His mind operated with a terrifying, meticulous obsession. He was constantly calculating. He measured the velocity of the wind slicing through the pine needles. He tracked the microscopic indentations in the snow to determine the migration paths of the direwolf packs. He mapped the underground hum of the volatile frost-veins, ensuring they walked strictly on the inert fault lines to avoid triggering a subterranean Qi explosion.
Every step he took was precise, leaving zero margin for error.
"How much further, boy?" hissed Junior Disciple Han, a young man at the peak of Qi Condensation. His voice was tight with anxiety, his midnight-blue robes catching on the jagged thorns of a frost-briar bush. "We have been walking in circles for hours. The compasses are spinning wildly. If you are leading us into a trap—"
"Silence," Shang Jue commanded, his voice a barely audible whisper that nonetheless cut through the howling wind. He did not turn around. His dark eyes remained fixed on the impenetrable gloom ahead.
"You dare—" Han bristled, his pride as an elite orthodox disciple flaring up against the ragged twelve-year-old.
Han instinctively channeled a surge of starlight Qi into his right palm, intending to summon a minor illumination array—a simple glowing orb to pierce the terrifying darkness and reassert his sense of control.
Shang Jue's meticulous mind registered the microscopic shift in the ambient energy instantly.
A variable had stepped out of line. A flaw in the plan had manifested.

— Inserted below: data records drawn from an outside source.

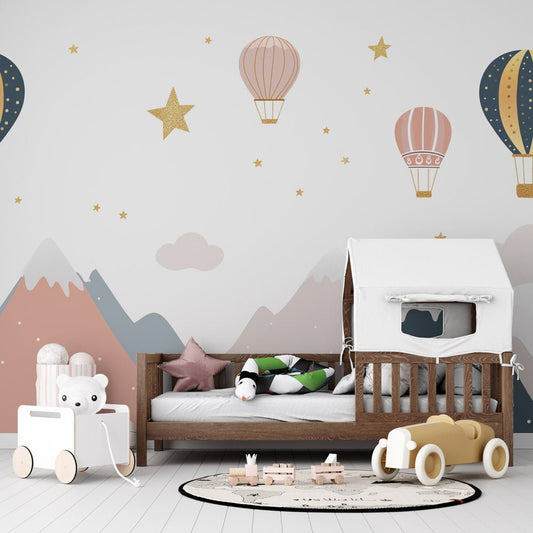 Mountain adventure mural wallpaper with hot air balloons and golden stars in a nursery setting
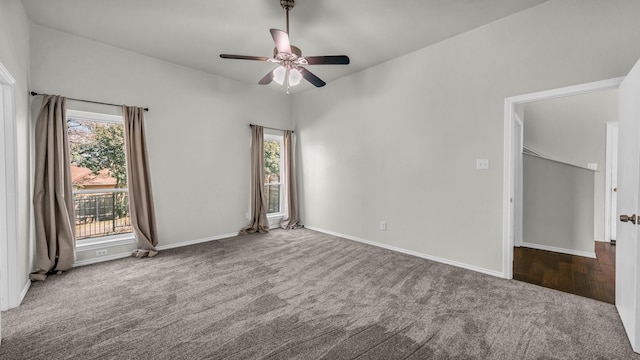 unfurnished room with baseboards, a ceiling fan, and carpet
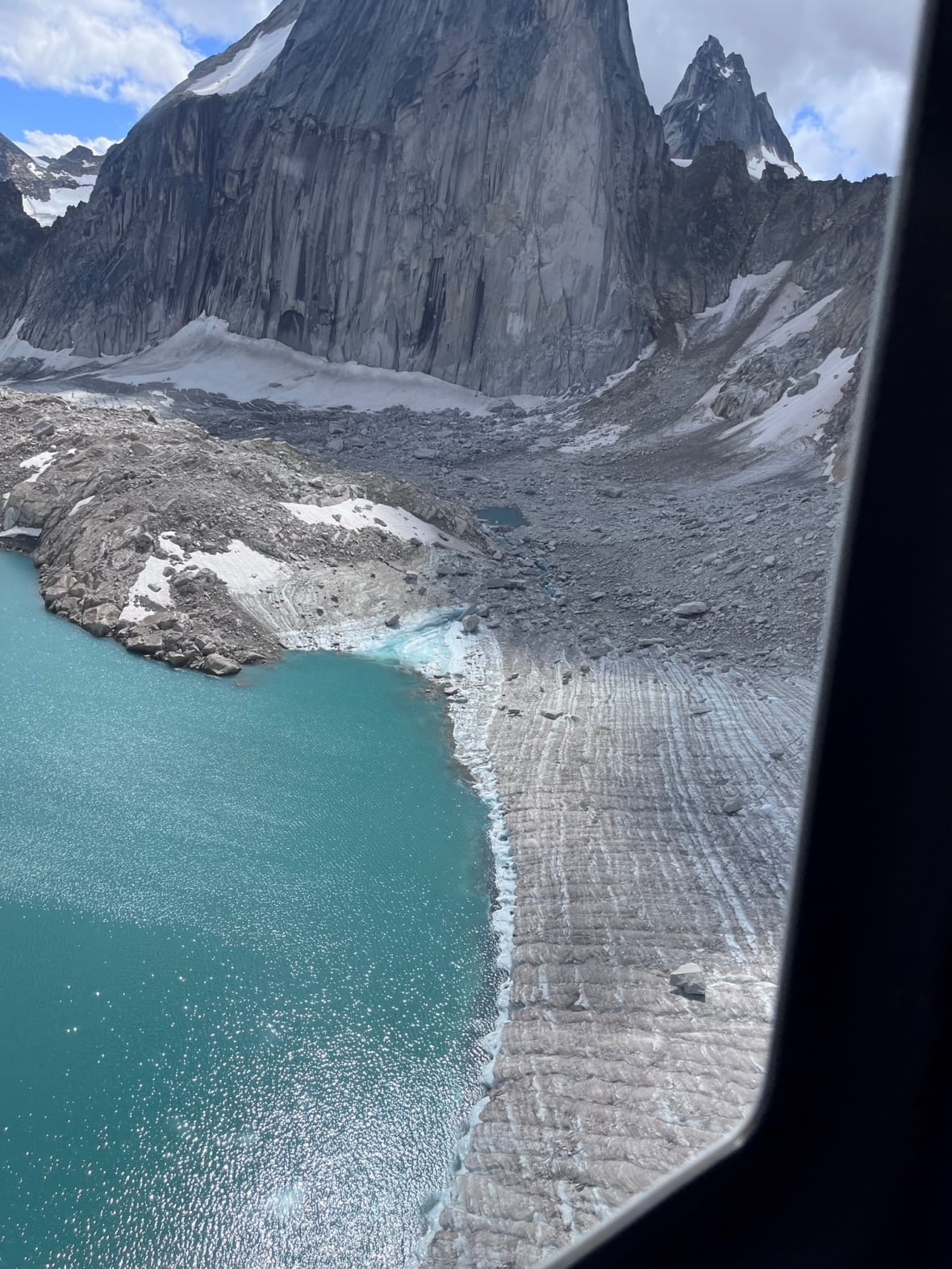 An alpine lake with a blockage on one side.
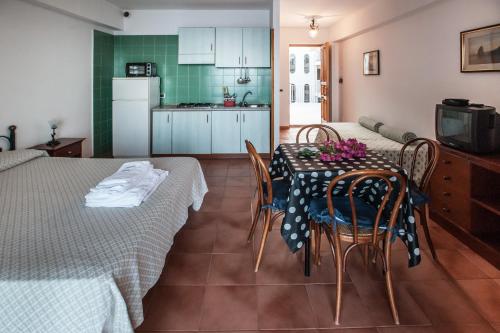 cocina y comedor con mesa y sillas en Eolcalandra Case Per Vacanza, en Canneto
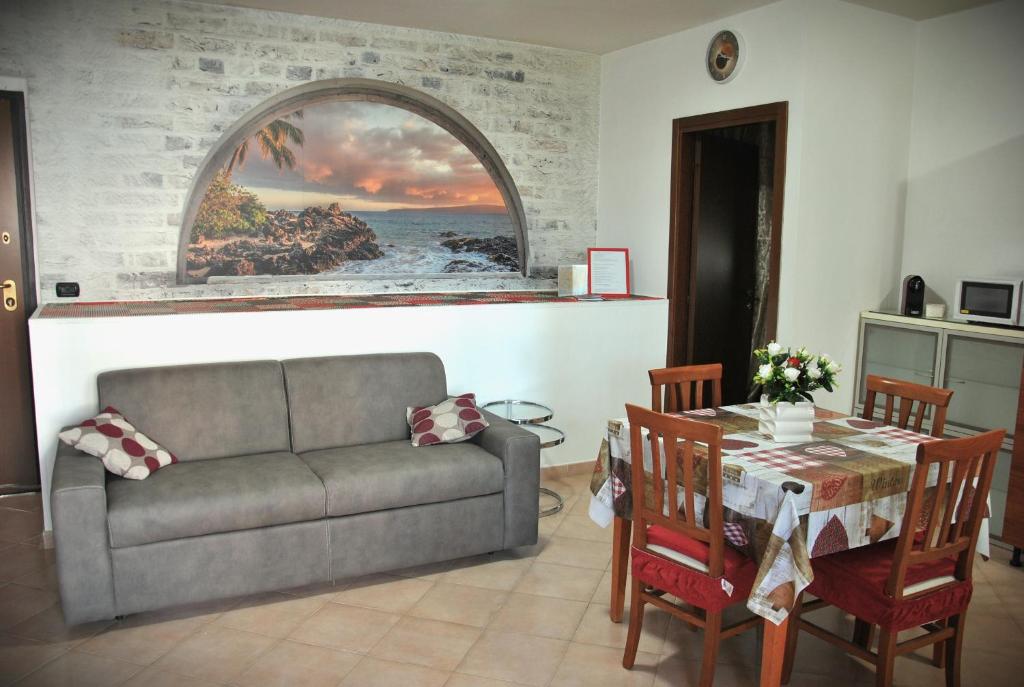 a living room with a couch and a table at Alloggio di Giorgia in Fiumicino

Shang Jue did not hesitate. He did not offer a warning. To a heart severed from mercy, a liability is not corrected with words; it is eradicated with absolute violence.

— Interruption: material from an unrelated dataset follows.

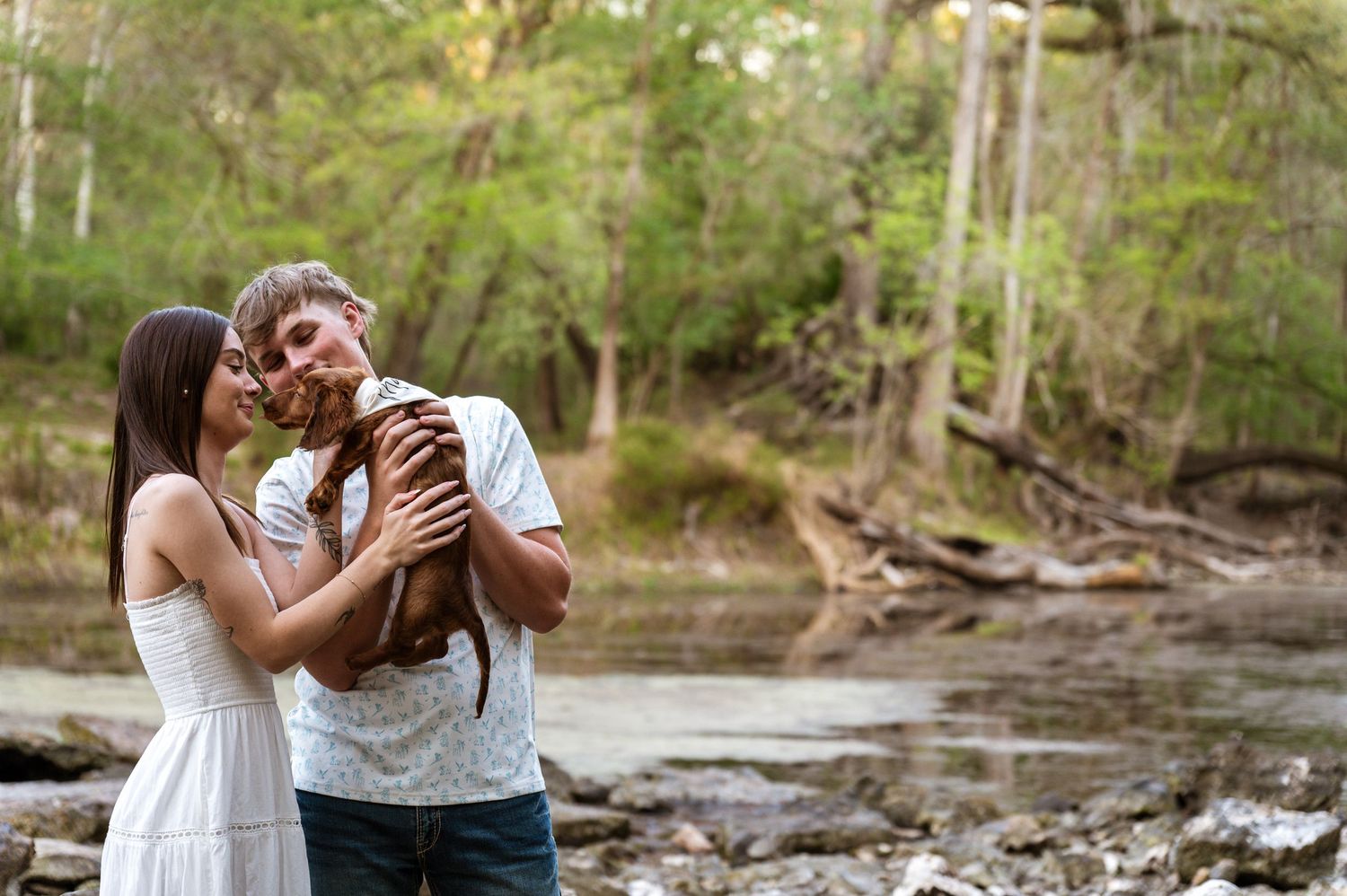 A romantic couple shares an intimate moment at sunset with golden sunlight streaming through Spanish moss.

Before the starlight orb could even fully form in Han's palm, Shang Jue vanished from the front of the line. Relying entirely on his explosive, physically tempered strength, he crossed the ten-pace distance in a fraction of a second.
*THUD.*
Shang Jue's left hand shot out like a striking viper, clamping around Han's throat with the force of an iron vice. With a brutal pivot of his hips, Shang Jue slammed the older disciple face-first into the thick trunk of an ironwood pine.

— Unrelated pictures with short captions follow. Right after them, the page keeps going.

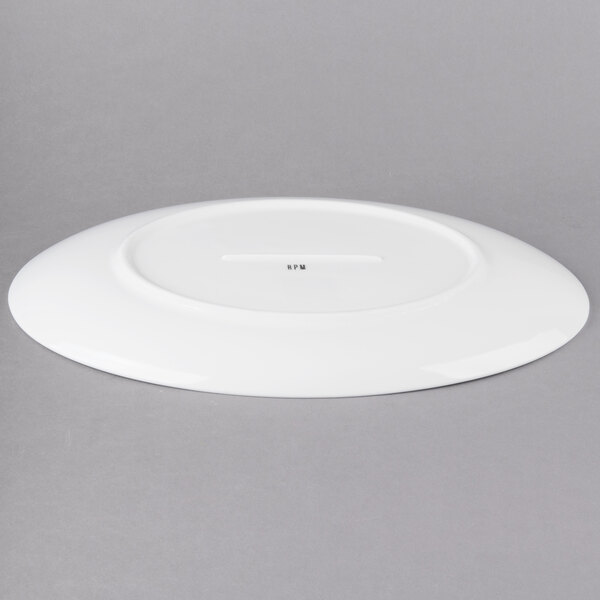 A white oval porcelain platter with a hole in the middle.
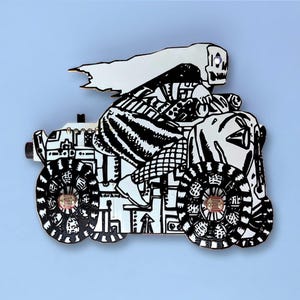 May include: A black and white pin depicting a skeleton riding a motorcycle. The pin has intricate details, including the skeleton's skull, flowing hair, and the motorcycle's wheels and body. The background is a light blue.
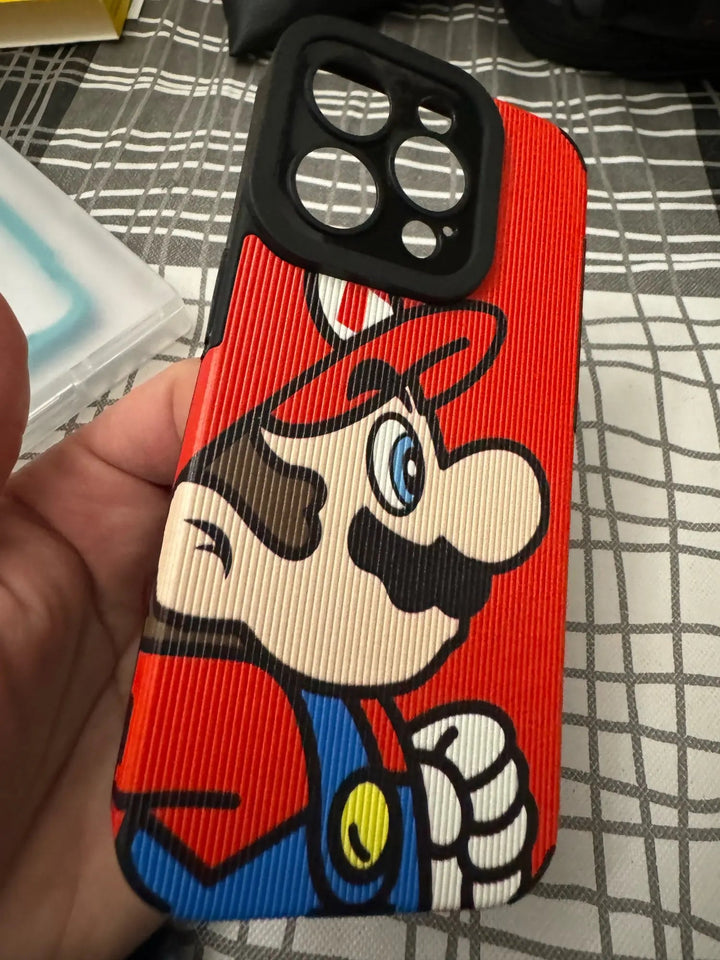 A hand is holding the Super Mario for iPhone protective case, which features a close-up image of the animated character with a red hat and mustache against a checkered tablecloth background. The phone case is made of durable hard plastic.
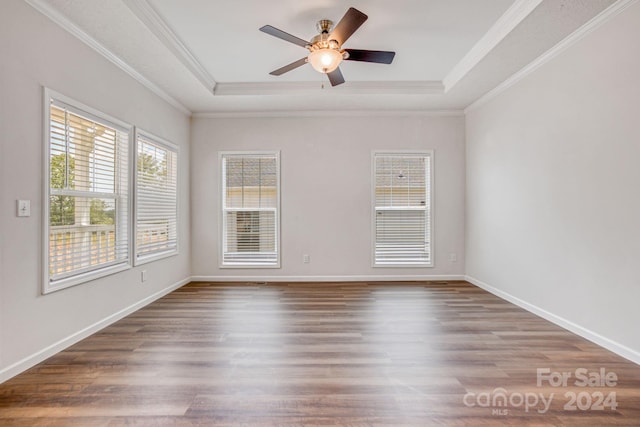 spare room featuring hardwood / wood-style flooring, ornamental molding, and a raised ceiling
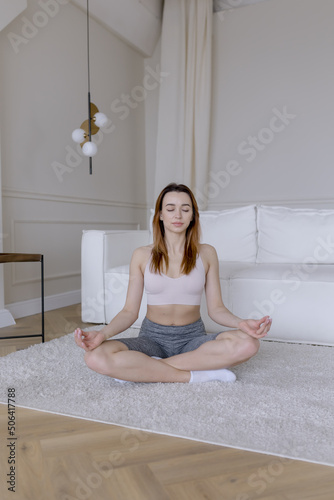 Woman meditating alone in sportswear at home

The breath exploded from Han's lungs in a violent wheeze. The starlight Qi in his palm snuffed out instantly as his concentration was violently shattered.
The other five Daoist disciples, including Senior Brother Chen, reacted a second too late. They drew their star-steel swords, their auras flaring, but they froze when they saw the scene.
Shang Jue had Han pinned against the tree. The twelve-year-old boy's right hand had drawn the massive, black iron broadsword from his back. The thick, unsharpened spine of the heavy blade was pressed directly against the back of Han's neck, the cold, direwolf bone-dust radiating a freezing intent that paralyzed the disciple's spine.
"Are you insane?!" the female disciple, Lin, shrieked in a hushed whisper, leveling her jade flute at Shang Jue. "Release him!"
Shang Jue did not look at her. His dead, abyssal eyes were locked onto the side of Han's terrified face.
"The frost-veins beneath your feet are composed of highly volatile, concentrated Yin energy," Shang Jue whispered, his voice completely devoid of anger, echoing only a chilling, sociopathic rationality. "Your starlight Qi is pure Yang. If you had ignited that illumination array, the conflicting energies would have caused a localized spatial detonation. You would have blown off your own arm, and the shockwave would have drawn a horde of mutated beasts directly to our position."
Senior Brother Chen, realizing the profound truth in the boy's environmental analysis, quickly raised his hand, signaling his juniors to stand down. A cold sweat broke out across his back. The boy was right. In their orthodox arrogance, they had forgotten the fundamental laws of the savage frontier.
"He... he didn't know," Chen said slowly, trying to de-escalate the terrifying tension. "He just panicked. Release him. It won't happen again."
Shang Jue pressed the heavy spine of the broadsword a millimeter deeper into Han's neck. The older boy whimpered softly, feeling the absolute, unyielding promise of death.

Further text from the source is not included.